In this article, we will discuss the concept of a co-occurring disorder as the presence of both a mental disorder and a substance use disorder in the same person.

 

What is a co-occurring disorder? 

 

When an individual is diagnosed with more than one disorder simultaneously, it is referred to as co-occurring disorders, also called dual diagnoses or comorbidity. When a person struggles with both mental illness and substance abuse, they are said to have co-occurring disorders, also known as dual diagnosis.

 

Mental health conditions that co-occur with substance use disorders include: 

  • Bipolar 
  • Anxiety 
  • Personality disorders
  • Depression
  • Psychotic disorders (e.g., schizophrenia)

 

It can sometimes be difficult to diagnose co-occurring disorders. A substance abuse or addiction symptom can mask a mental illness symptom, and a mental illness symptom can be confused with substance abuse or addiction symptom. Many people with mental health disorders do not seek treatment for their substance abuse because they do not see it as relevant to their problems.

 

Nevertheless, some typical patterns do emerge among people with co-occurring disorders.

 

Why is substance abuse common among people with mental health?

 

Substance abuse is common among people with mental health disorders.

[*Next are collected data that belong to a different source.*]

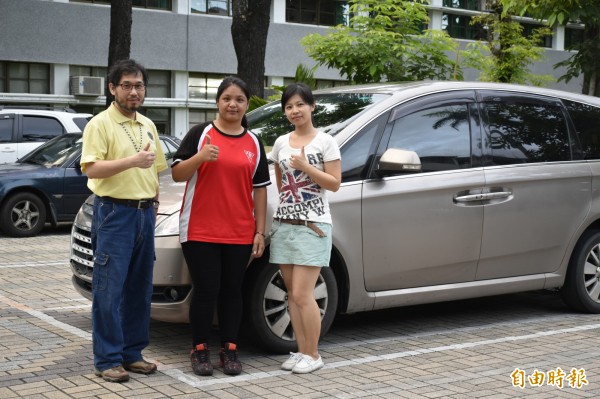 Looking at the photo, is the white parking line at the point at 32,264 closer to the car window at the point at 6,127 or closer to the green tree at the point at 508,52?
the car window at the point at 6,127

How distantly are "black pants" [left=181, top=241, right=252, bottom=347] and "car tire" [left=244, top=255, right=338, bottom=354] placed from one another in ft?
0.76

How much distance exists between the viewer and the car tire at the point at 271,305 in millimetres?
6395

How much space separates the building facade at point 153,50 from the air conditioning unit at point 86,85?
0.10 ft

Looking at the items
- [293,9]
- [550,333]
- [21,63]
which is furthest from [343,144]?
[293,9]

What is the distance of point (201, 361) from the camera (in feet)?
19.9

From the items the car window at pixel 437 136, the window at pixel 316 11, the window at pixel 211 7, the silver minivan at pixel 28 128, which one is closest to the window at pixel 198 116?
the window at pixel 211 7

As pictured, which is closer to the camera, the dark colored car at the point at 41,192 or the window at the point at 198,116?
the dark colored car at the point at 41,192

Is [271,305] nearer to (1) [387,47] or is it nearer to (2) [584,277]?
(2) [584,277]

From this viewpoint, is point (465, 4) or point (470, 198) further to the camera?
point (465, 4)

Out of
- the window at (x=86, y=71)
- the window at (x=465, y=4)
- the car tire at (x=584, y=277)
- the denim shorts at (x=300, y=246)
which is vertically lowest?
the car tire at (x=584, y=277)

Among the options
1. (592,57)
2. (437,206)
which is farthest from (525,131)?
(592,57)

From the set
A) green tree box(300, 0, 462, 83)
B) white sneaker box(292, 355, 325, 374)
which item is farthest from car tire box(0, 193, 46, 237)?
white sneaker box(292, 355, 325, 374)

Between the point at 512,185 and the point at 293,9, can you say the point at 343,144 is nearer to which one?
the point at 512,185

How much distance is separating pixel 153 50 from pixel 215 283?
28.0 m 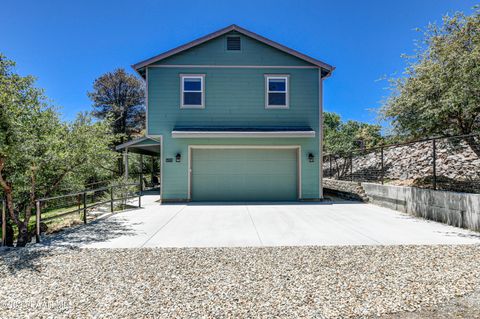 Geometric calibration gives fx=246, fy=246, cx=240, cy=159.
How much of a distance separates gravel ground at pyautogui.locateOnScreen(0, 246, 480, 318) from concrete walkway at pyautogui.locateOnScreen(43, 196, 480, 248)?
0.51 meters

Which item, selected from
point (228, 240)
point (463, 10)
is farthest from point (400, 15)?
point (228, 240)

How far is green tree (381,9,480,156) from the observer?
6395 mm

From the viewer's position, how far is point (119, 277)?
3.39 metres

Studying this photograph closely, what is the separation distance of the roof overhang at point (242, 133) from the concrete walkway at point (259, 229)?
3.03 meters

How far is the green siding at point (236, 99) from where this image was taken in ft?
34.4

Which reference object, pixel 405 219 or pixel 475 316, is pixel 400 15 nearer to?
pixel 405 219

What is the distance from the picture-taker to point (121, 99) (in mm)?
25719

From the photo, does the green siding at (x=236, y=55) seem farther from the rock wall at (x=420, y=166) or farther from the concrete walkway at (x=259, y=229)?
the concrete walkway at (x=259, y=229)

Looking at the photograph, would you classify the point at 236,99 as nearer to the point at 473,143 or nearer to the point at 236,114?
the point at 236,114

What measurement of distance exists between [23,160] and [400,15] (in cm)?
1577

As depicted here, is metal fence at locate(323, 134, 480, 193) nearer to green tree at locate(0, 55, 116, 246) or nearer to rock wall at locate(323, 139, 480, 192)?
rock wall at locate(323, 139, 480, 192)

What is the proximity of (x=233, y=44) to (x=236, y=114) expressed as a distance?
10.1ft

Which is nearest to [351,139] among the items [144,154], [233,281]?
[144,154]

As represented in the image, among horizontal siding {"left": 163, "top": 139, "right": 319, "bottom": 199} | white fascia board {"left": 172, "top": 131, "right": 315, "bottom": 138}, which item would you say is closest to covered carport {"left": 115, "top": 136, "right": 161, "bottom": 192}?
horizontal siding {"left": 163, "top": 139, "right": 319, "bottom": 199} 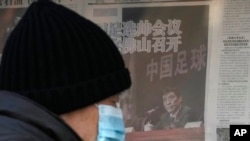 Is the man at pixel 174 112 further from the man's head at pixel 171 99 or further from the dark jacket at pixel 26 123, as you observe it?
the dark jacket at pixel 26 123

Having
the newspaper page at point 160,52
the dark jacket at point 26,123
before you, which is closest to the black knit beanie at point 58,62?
the dark jacket at point 26,123

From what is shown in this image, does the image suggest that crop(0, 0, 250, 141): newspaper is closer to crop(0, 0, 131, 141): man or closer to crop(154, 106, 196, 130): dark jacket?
crop(154, 106, 196, 130): dark jacket

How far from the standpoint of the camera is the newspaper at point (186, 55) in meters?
2.60

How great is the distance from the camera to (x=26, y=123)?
1.13 m

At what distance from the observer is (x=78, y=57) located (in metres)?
1.44

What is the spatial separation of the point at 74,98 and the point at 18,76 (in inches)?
6.3

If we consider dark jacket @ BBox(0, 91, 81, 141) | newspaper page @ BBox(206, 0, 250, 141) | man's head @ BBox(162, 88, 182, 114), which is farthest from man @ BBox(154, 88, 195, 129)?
dark jacket @ BBox(0, 91, 81, 141)

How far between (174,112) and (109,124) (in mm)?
1106

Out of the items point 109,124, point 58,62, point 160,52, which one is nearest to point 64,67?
point 58,62

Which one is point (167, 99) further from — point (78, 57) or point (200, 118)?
point (78, 57)

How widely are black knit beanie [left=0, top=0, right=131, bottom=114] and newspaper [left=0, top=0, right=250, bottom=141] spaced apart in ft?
3.73

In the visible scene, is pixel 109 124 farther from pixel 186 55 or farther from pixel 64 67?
pixel 186 55

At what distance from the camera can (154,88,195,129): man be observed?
2.65 meters

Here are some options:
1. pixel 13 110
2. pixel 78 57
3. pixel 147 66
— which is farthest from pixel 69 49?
pixel 147 66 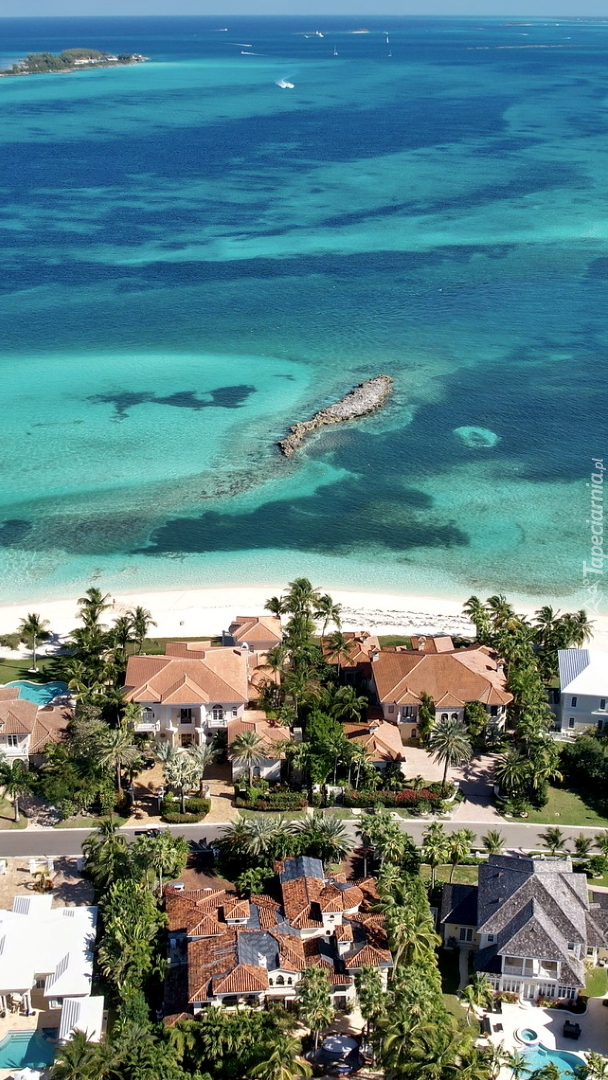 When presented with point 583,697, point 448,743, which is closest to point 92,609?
point 448,743

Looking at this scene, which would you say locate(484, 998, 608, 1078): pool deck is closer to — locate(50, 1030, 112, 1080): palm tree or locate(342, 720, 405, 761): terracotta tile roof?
locate(50, 1030, 112, 1080): palm tree

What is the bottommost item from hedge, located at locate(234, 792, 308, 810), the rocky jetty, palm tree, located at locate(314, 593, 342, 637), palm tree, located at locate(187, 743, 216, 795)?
hedge, located at locate(234, 792, 308, 810)

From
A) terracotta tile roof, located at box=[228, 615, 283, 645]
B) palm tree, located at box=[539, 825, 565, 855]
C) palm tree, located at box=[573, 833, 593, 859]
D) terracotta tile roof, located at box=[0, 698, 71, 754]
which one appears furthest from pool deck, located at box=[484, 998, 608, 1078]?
terracotta tile roof, located at box=[228, 615, 283, 645]

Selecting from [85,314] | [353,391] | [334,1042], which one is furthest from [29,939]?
[85,314]

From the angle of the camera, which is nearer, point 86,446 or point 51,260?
point 86,446

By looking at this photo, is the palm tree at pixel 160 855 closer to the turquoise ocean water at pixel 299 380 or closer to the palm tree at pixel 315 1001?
the palm tree at pixel 315 1001

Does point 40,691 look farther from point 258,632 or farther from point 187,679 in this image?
point 258,632

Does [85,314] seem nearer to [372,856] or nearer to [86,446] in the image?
[86,446] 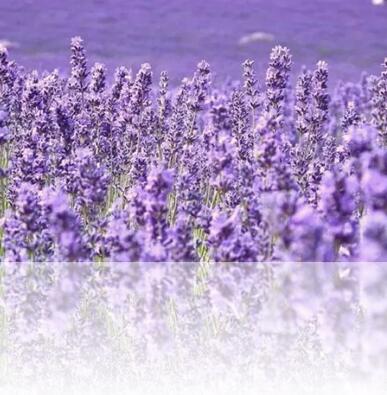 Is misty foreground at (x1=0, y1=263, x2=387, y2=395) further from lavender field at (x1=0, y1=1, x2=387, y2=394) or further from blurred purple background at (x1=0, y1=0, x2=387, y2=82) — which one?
blurred purple background at (x1=0, y1=0, x2=387, y2=82)

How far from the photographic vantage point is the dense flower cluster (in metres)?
2.23

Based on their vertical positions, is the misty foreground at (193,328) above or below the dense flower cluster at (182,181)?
below

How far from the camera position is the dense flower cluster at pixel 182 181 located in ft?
7.32

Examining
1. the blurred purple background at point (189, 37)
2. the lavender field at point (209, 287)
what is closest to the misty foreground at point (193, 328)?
the lavender field at point (209, 287)

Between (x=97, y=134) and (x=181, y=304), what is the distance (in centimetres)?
214

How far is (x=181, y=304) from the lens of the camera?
2197 mm

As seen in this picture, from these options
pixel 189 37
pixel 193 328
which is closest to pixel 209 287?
pixel 193 328

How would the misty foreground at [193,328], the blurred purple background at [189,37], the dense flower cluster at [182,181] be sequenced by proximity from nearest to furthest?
the misty foreground at [193,328] < the dense flower cluster at [182,181] < the blurred purple background at [189,37]

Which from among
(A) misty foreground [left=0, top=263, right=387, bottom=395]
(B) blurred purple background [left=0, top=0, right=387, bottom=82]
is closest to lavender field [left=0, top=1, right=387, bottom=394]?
(A) misty foreground [left=0, top=263, right=387, bottom=395]

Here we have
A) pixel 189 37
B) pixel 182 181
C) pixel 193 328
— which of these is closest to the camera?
pixel 193 328

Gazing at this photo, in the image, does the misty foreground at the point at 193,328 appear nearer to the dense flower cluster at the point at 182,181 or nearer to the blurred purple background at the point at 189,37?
the dense flower cluster at the point at 182,181

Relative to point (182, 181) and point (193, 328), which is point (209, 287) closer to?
point (193, 328)

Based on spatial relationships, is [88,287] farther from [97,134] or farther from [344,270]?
[97,134]

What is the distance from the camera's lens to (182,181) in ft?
10.2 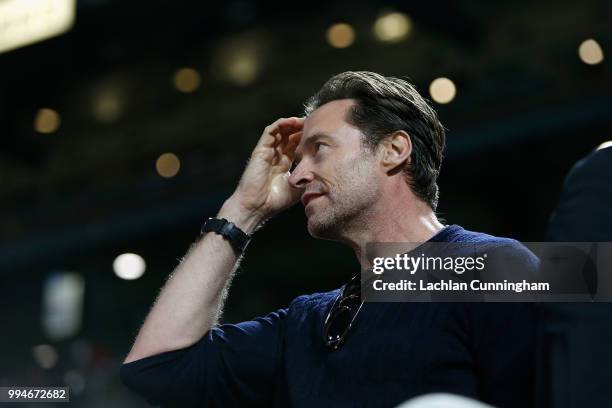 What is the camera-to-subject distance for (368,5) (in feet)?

An anxious person may need something that makes them feel calm; a person who is depressed may need something that makes them feel more active; a person who is fearful of others may need something that makes them feel more relaxed and less inhibited; and someone who is suffering from psychological pain may need something that makes them feel numb.

 

The symptoms of co-occurring disorders may persist after people with co-occurring disorders stop using alcohol or other drugs. Many treatment centres and clinicians are not prepared to deal with both conditions. Others may require abstinence from all drugs, including medications for mental health disorders. Because of this, it can be extremely difficult for people with co-occurring disorders to treat both their substance-use problems and their mental health problems at the same time.

 

Seek Professional Help

 

We at Parkland Place continue to explore the link between mental health and alcohol abuse. We can educate you about this link and show you how it may apply to you as part of our alcohol rehab treatment. Understanding such links is essential to recovery.

 

Finding professional advice or support can be extremely helpful if you are experiencing alcohol and mental health problems yourself or know someone who does. For further details on how our team at Parkland Place can help you contact us via our live chat or call 01492 203421.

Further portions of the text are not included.